*** Task input ***

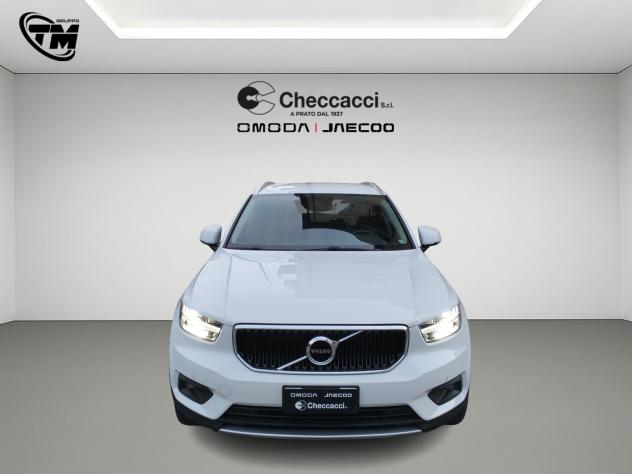 Volvo XC40 1.5 t2 Momentum Pro my21 - Foto 2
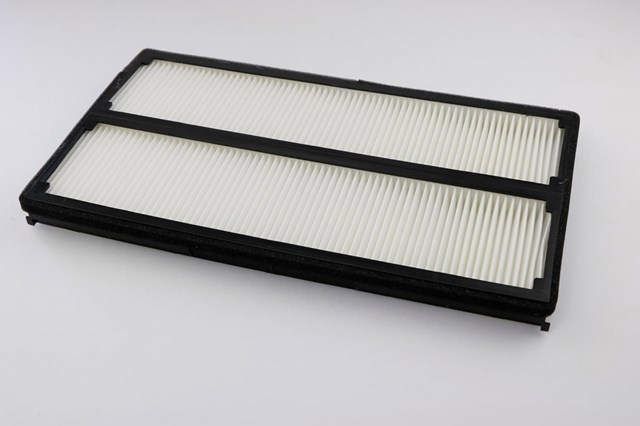 Compre SA121 Shafer Filtro de salão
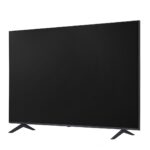 LG 43UR78GC0LK TV 109.2 cm (43 ) 4K Ultra HD Smart TV Wi-Fi Black - imagine 2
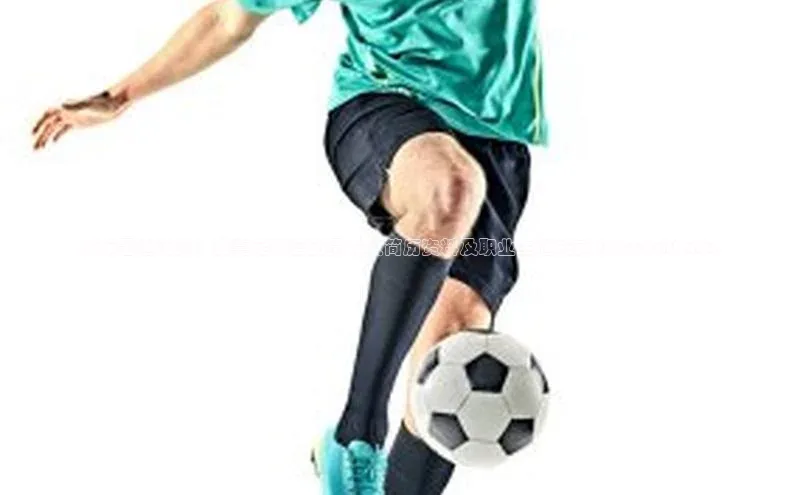 意昂体育4登录同程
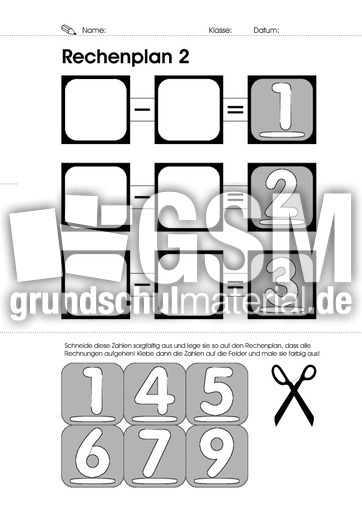 Rechenpläne 1-2 - 02.pdf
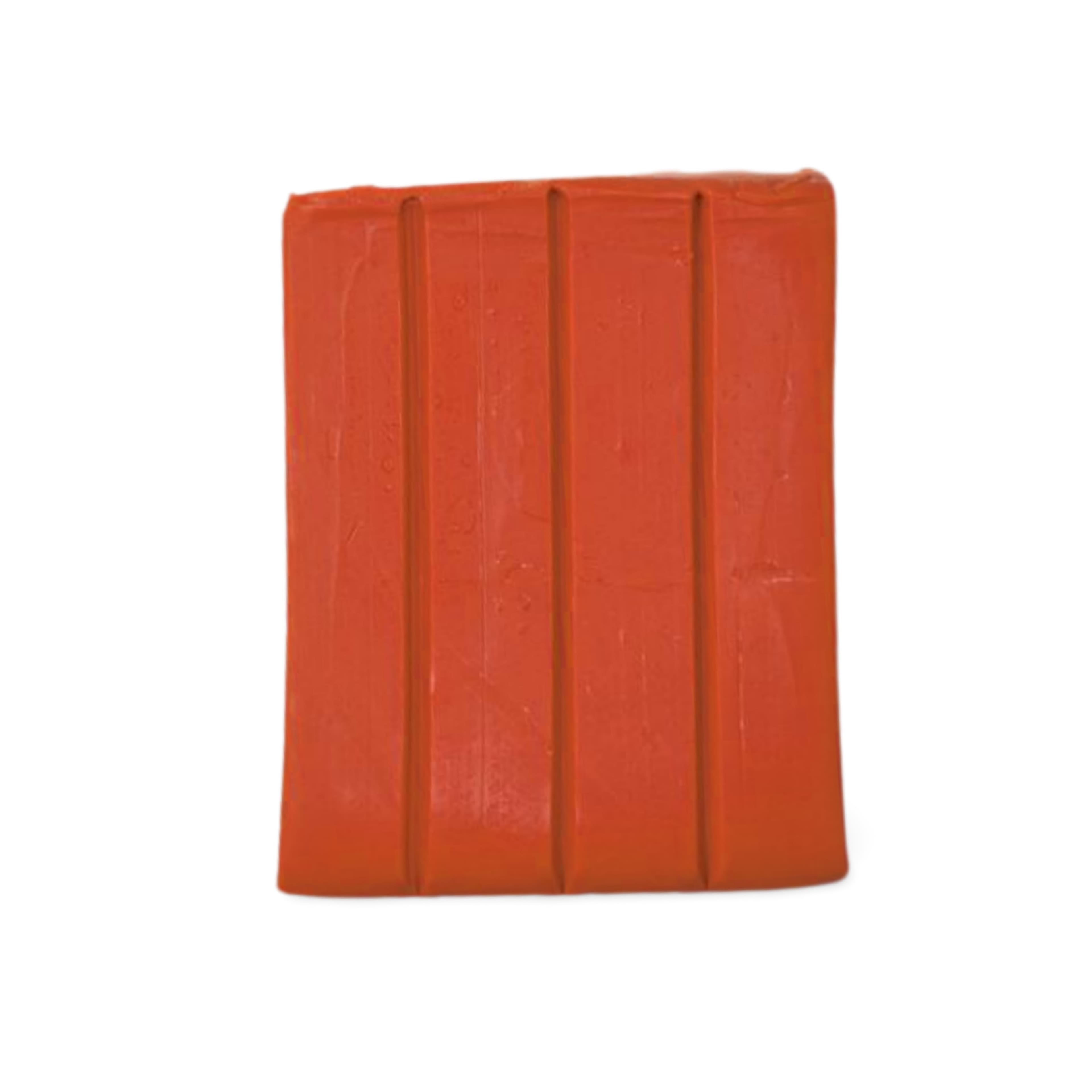 Premo! Sculpey® Oven-Bake Clay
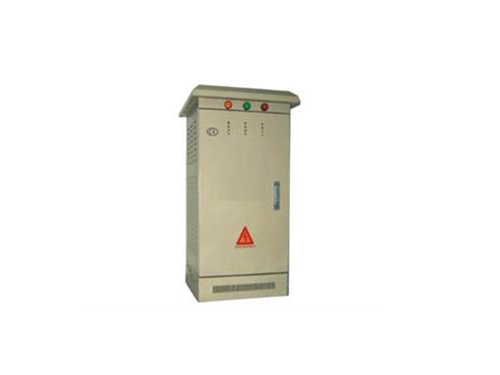 智(zhi)能(neng)電(dian)機(ji)節(jie)電器(qi)-節(jie)電器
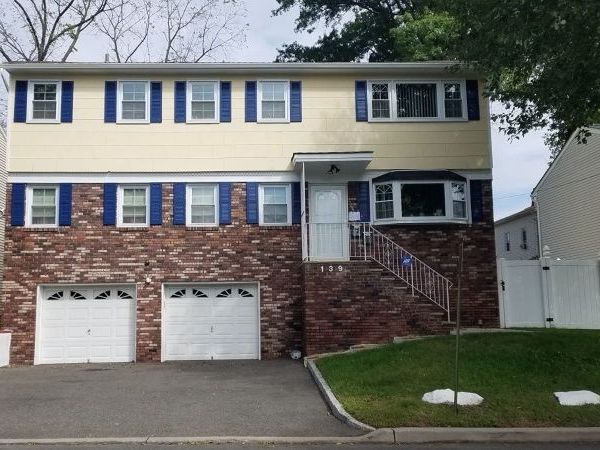139 Hunt Ave, Union, NJ 07088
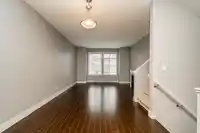 27 8250 209B STREET - thumbnail 13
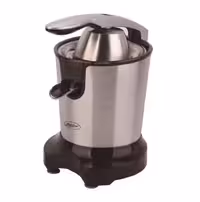 آب مرکبات گیری مایر مدل MR5050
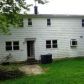 1712 Berlin Rd, Cherry Hill, NJ 08003 ID:15194678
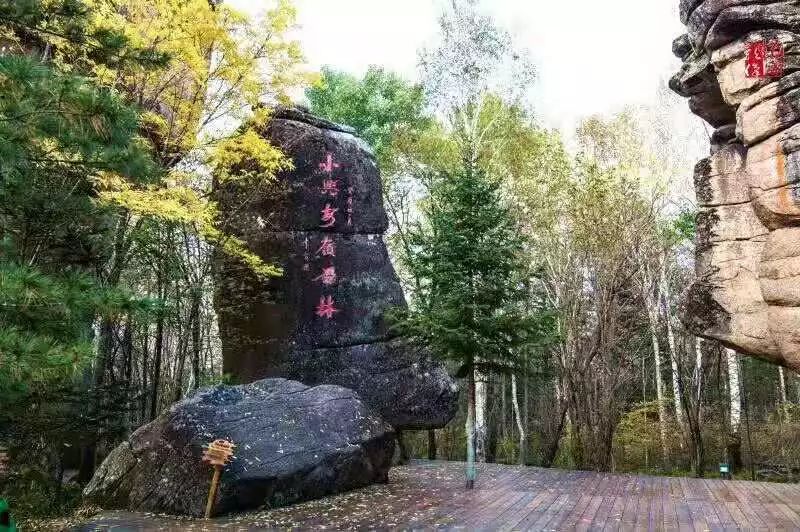 有獎(jiǎng)?wù)骷瘡V告語(yǔ)大全（最新旅游宣傳廣告語(yǔ)文案寫作推薦）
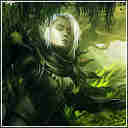 Avatar de Krokky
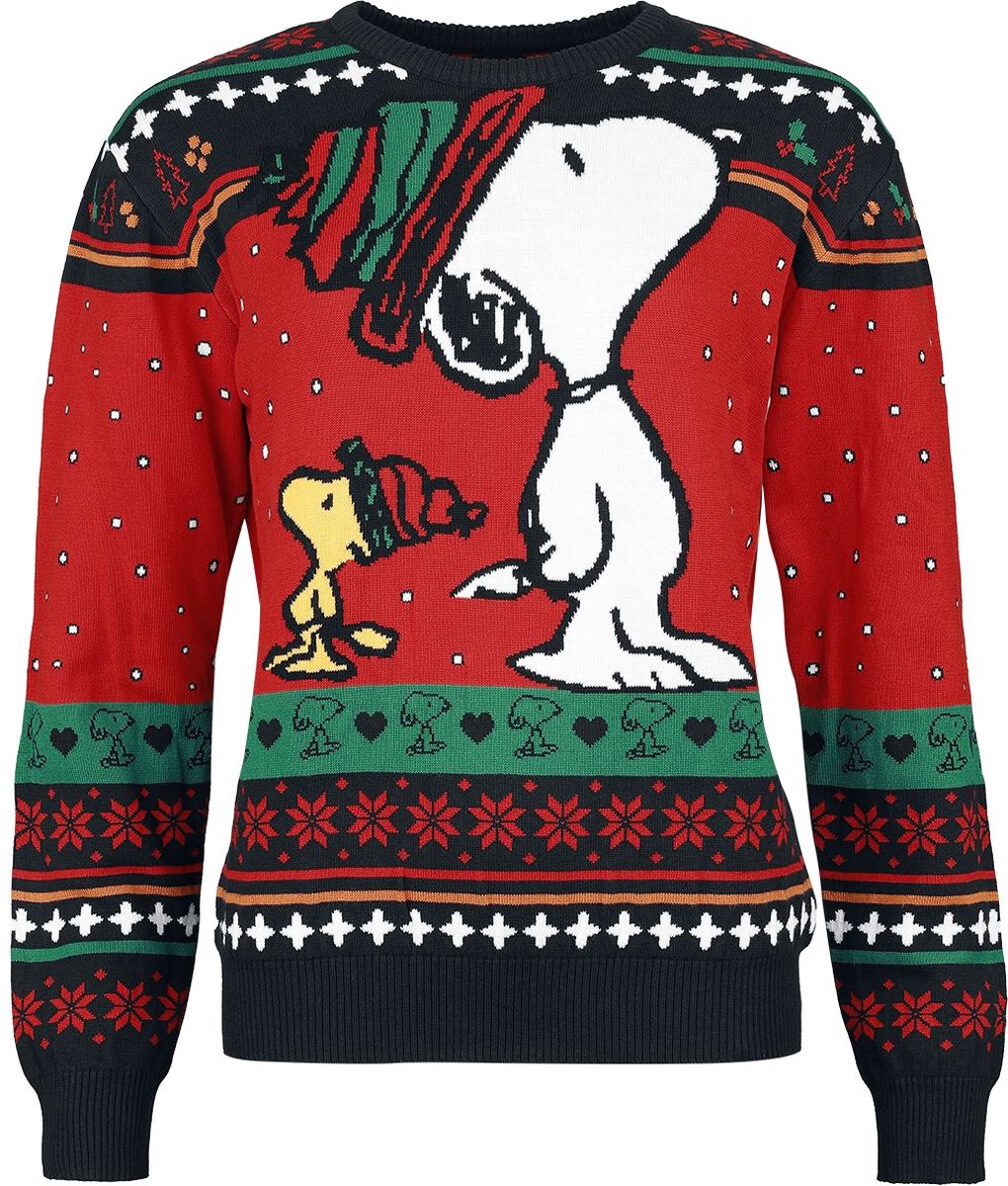 Snoopy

*** End of Task input ***

Set down exactly the lines from the start of the records through the line containing "آب مرکبات گیری مایر مدل MR5050", both included, and omit the pictures.

◆ Written answer
 Volvo XC40 1.5 t2 Momentum Pro my21 - Foto 2
 Compre SA121 Shafer Filtro de salão
 LG 43UR78GC0LK TV 109.2 cm (43 ) 4K Ultra HD Smart TV Wi-Fi Black - imagine 2
 意昂体育4登录同程
 Rechenpläne 1-2 - 02.pdf
 Premo! Sculpey® Oven-Bake Clay
 智(zhi)能(neng)電(dian)機(ji)節(jie)電器(qi)-節(jie)電器
139 Hunt Ave, Union, NJ 07088
 27 8250 209B STREET - thumbnail 13
 آب مرکبات گیری مایر مدل MR5050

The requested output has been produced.